Se a reversão não acontecer, o que parece mais provável, restará aos especialistas discutir as razões do fracasso eleitoral de Alckmin. Ao contrário da imagem agora corrente, poucas vezes um candidato presidencial pareceu tão talhado para atender as demandas que as próprias pesquisas identificam no eleitorado.
O eleitor é pós-ideológico, se é que foi ideológico alguma vez. Quase metade, segundo o Datafolha, prefere a "direita" em vez do "centro" ou da "esquerda" -e revela razoável consciência, mesmo que intuitiva, do que esses rótulos traduzem.
No figurino extraído das pesquisas qualitativas, o modelo de político tem virtudes de feitio publicitário. É honesto, trabalhador, experiente, religioso e preparado. É equilibrado, evita extremos, não insulta seus adversários, conhece dados e números. Ora, Geraldo Alckmin, para o bem e para o mal, cabe exatamente nesse figurino. Parece, aliás, ter moldado sua personalidade pública com vistas a preenchê-lo. Foi prejudicado pela imagem de político insosso que lhe valeu o famoso apelido de "picolé de chuchu".
Mesmo essa imagem de indefinição mal sobreviveu, porém, a duas manobras realizadas pelo então governador paulista.
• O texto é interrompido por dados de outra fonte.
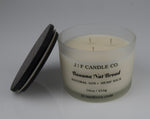 JF Candle Co. 16oz Banana Nut Bread soy candle with three hemp wicks in frosted glass jar, dark wooden lid resting beside it.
A primeira foi a adoção de uma política duríssima, chamada de neomalufista, na área da segurança pública em São Paulo. Os motins do crime organizado são evidente reação a essa dureza.
A outra manobra foi o vigor com que ele enfrentou a postulação do então prefeito José Serra dentro do PSDB. Enquanto Serra ficava numa posição hamletiana, à espera de que o partido o ungisse candidato, Alckmin mostrou capacidade de confronto e levou a indicação. Fala-se que nada disso adianta diante do "carisma" de Lula. Estranha explicação, pois ela implica admitir que Lula tem "carisma" agora, mas não tinha nas três eleições presidenciais que perdeu antes de finalmente conseguir se eleger em 2002.
O mais provável é que o amplo favoritismo de Lula se deva mesmo a um panorama econômico entre razoável e bom, somado ao pacote de bondades eleitorais que seu governo, conforme a praxe reeleitoral, vem desovando nos últimos meses.
A experiência internacional mostra também que reeleição de presidente no cargo é a regra, não a exceção. Neste momento em que Lula volta a acumular muito poder, é saudável que conheça limites, seja interpelado e submetido à crítica. Para que depois não se venha reclamar, mais uma vez, de estelionato eleitoral.